Scraped caption text data
Segment Open

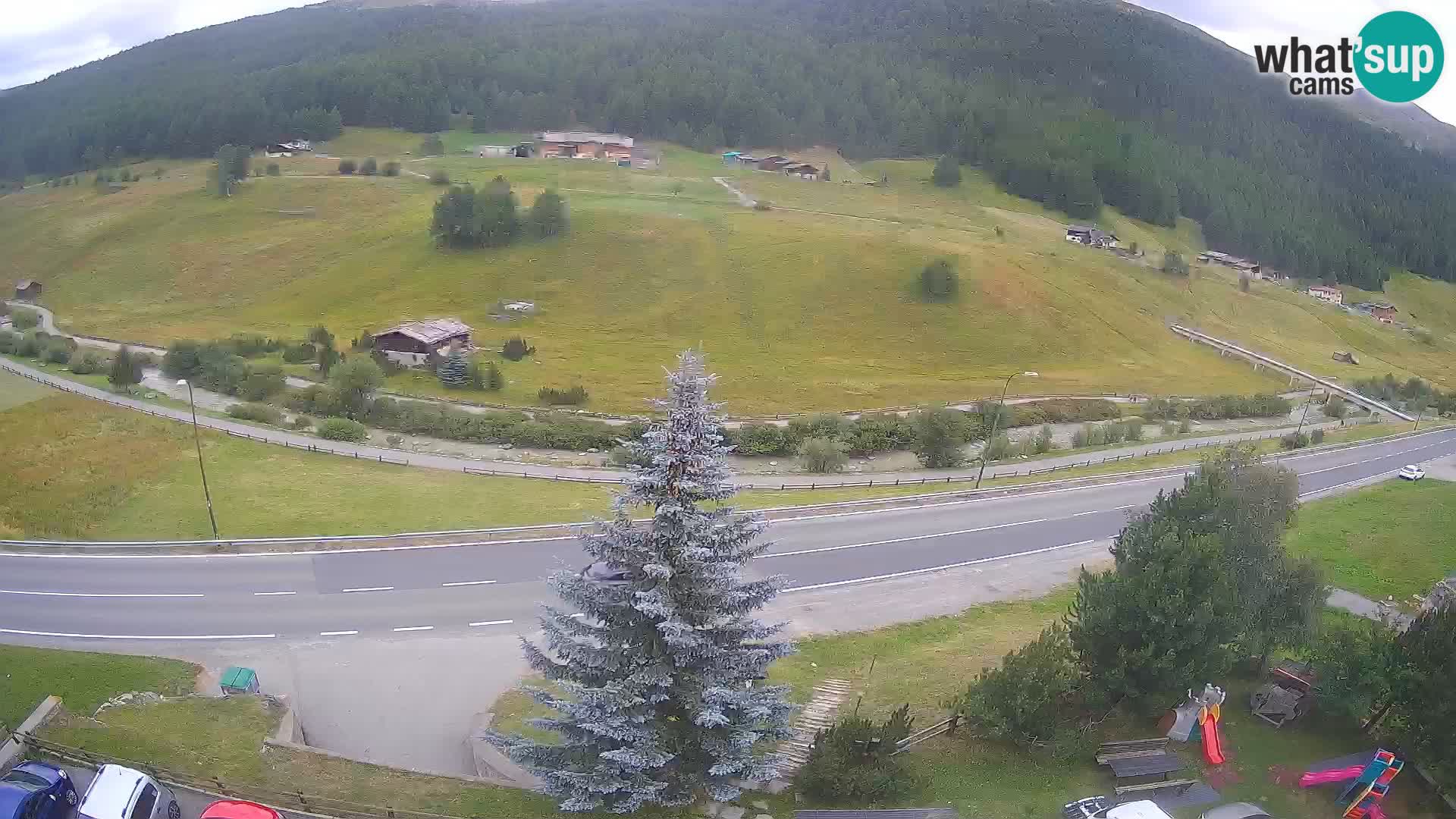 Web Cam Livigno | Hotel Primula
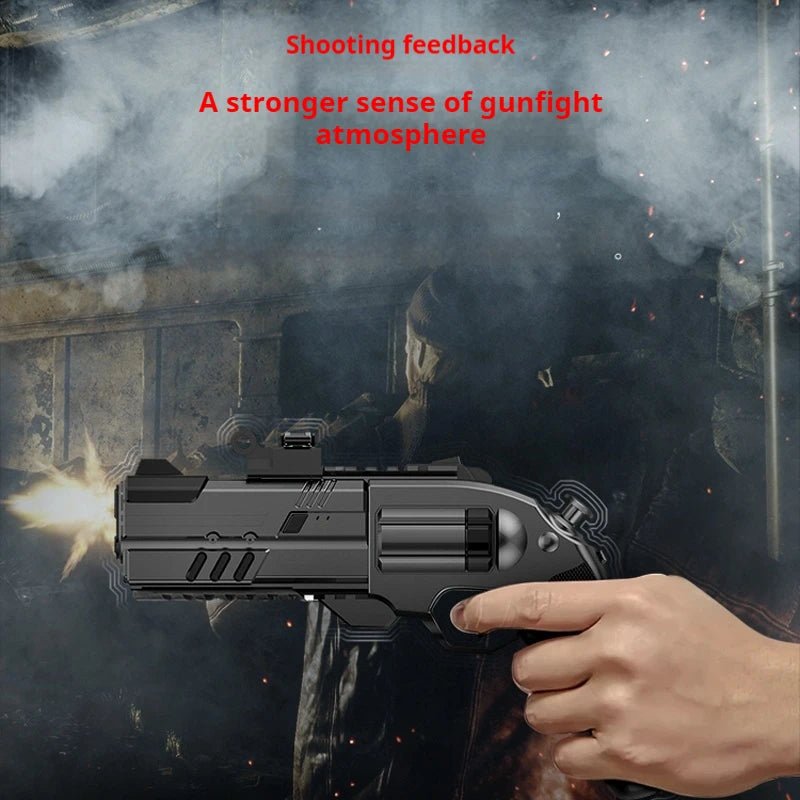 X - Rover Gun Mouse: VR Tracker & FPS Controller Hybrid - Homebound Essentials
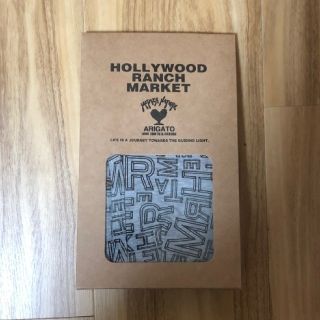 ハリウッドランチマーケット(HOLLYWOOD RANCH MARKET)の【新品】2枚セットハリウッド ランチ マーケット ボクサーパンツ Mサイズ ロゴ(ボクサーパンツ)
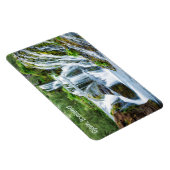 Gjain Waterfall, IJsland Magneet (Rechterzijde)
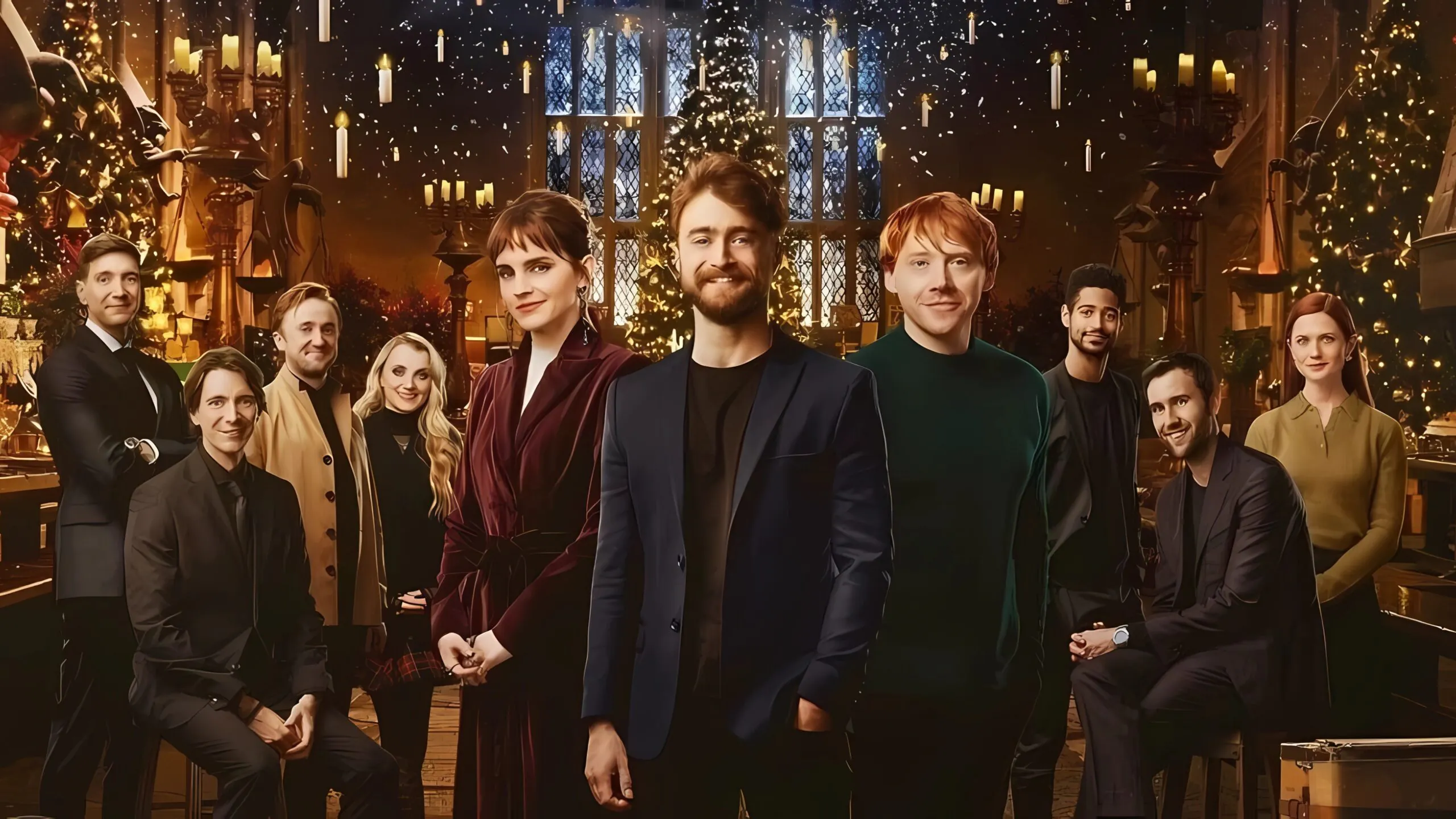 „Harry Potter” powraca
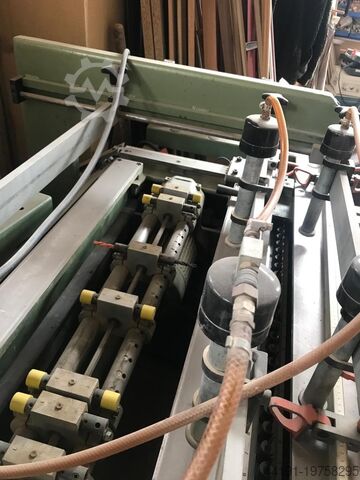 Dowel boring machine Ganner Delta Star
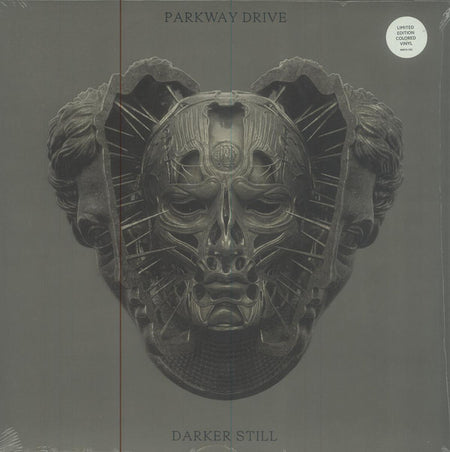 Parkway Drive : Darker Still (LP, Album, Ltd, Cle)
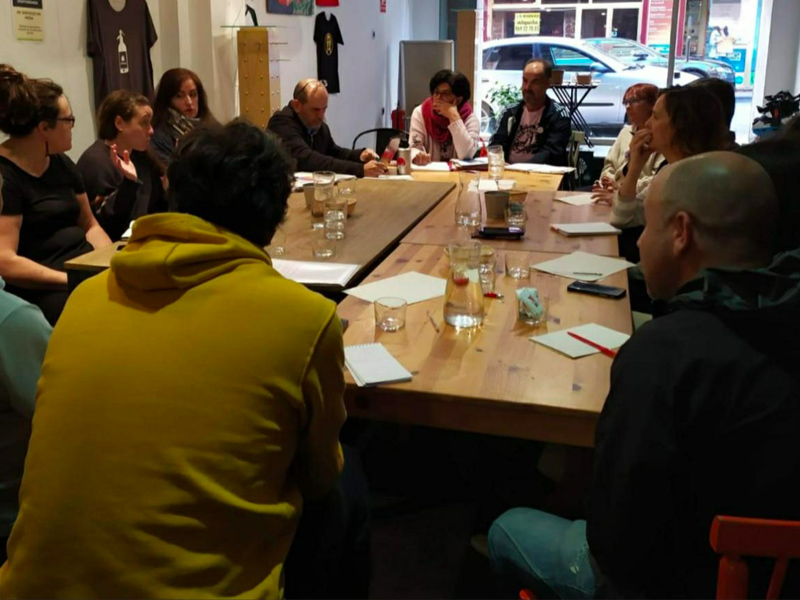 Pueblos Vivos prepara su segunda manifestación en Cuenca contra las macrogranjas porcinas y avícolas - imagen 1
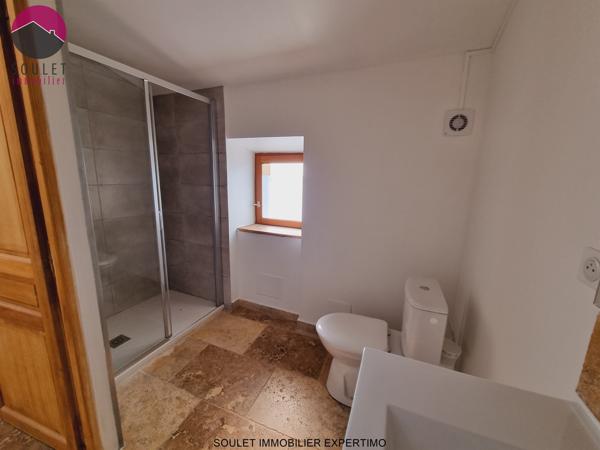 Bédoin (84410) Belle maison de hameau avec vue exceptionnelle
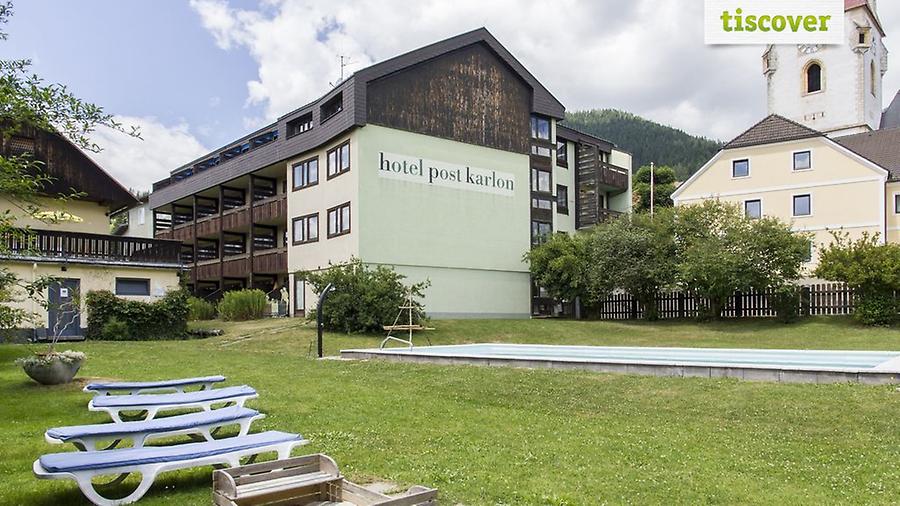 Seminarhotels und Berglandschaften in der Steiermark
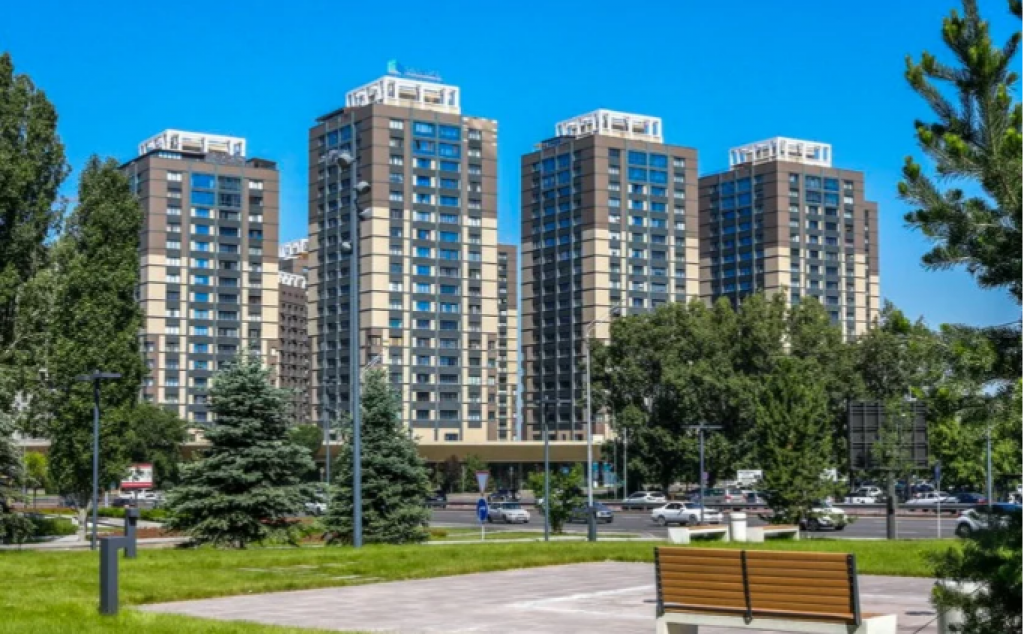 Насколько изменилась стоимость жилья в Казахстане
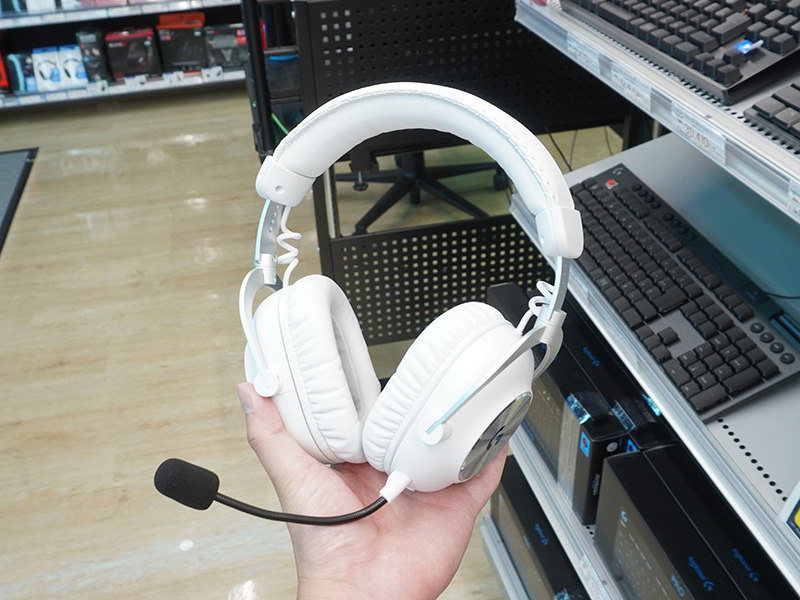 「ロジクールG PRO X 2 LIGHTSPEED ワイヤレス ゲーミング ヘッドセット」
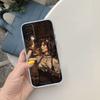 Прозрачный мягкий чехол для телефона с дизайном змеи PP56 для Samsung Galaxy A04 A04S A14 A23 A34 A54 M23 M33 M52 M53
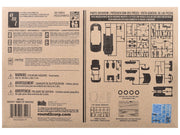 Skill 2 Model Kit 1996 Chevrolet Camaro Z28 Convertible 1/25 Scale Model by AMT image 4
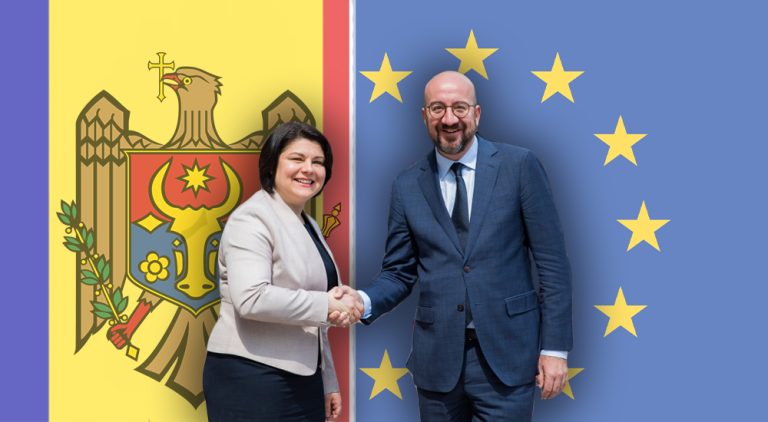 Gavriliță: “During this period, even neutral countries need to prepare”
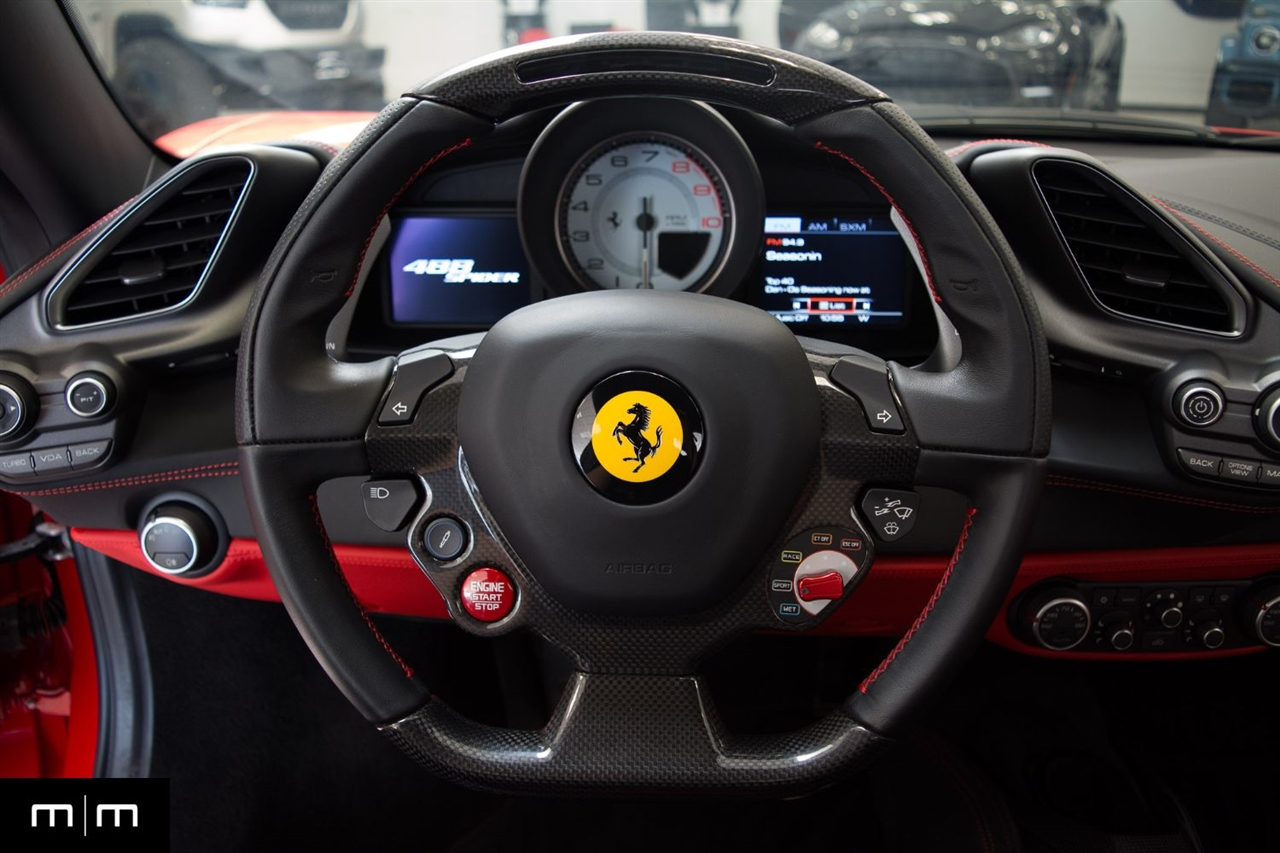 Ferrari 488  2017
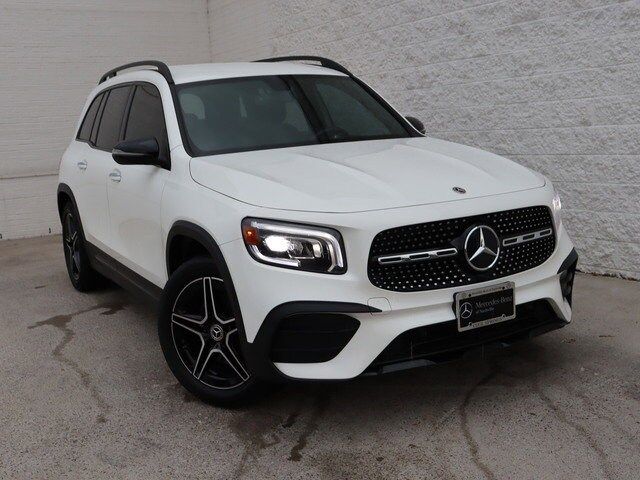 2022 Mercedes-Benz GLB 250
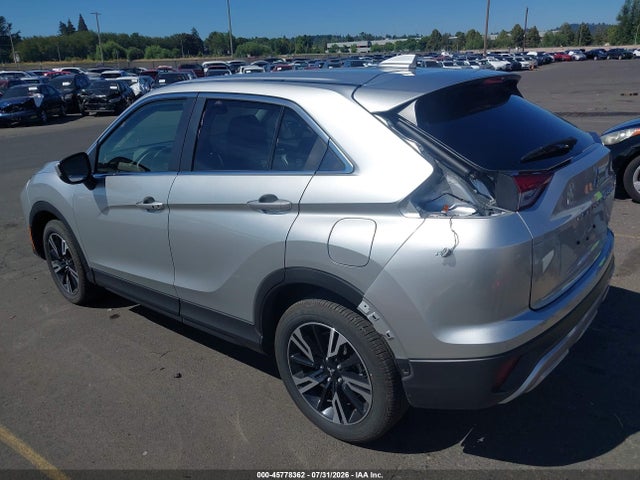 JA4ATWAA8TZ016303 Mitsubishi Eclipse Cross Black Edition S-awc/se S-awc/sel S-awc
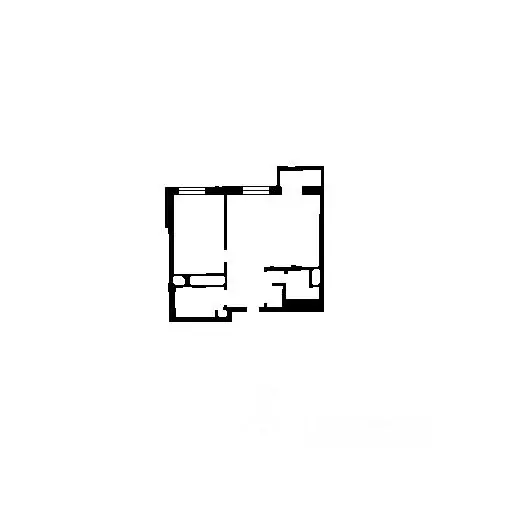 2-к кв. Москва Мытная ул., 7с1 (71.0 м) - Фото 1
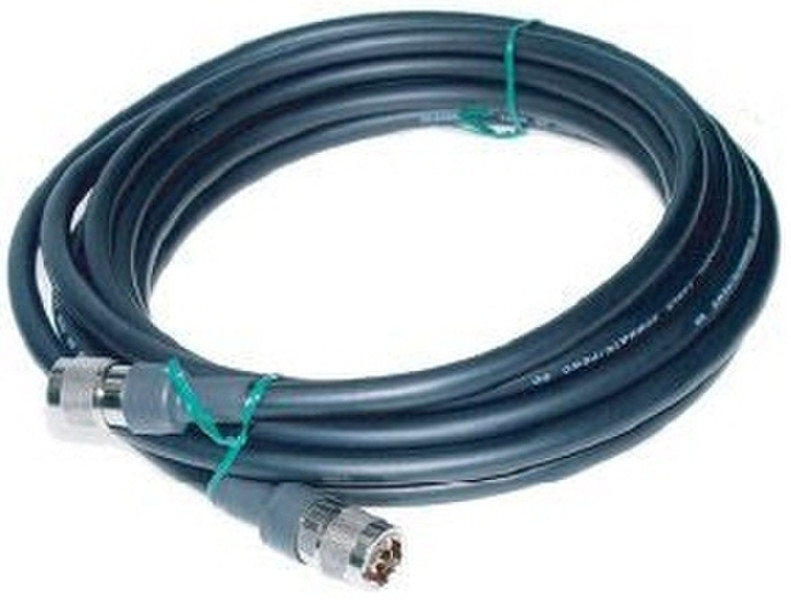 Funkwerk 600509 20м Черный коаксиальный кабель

Segment Closed

* [Your objective] Copy the lines above exactly, starting at the one with "Насколько изменилась стоимость" and ending at the one with "Прозрачный мягкий чехол", both included. Leave out any pictures and add nothing else.

* [Solution to the problem]
 Насколько изменилась стоимость жилья в Казахстане
 「ロジクールG PRO X 2 LIGHTSPEED ワイヤレス ゲーミング ヘッドセット」
 Прозрачный мягкий чехол для телефона с дизайном змеи PP56 для Samsung Galaxy A04 A04S A14 A23 A34 A54 M23 M33 M52 M53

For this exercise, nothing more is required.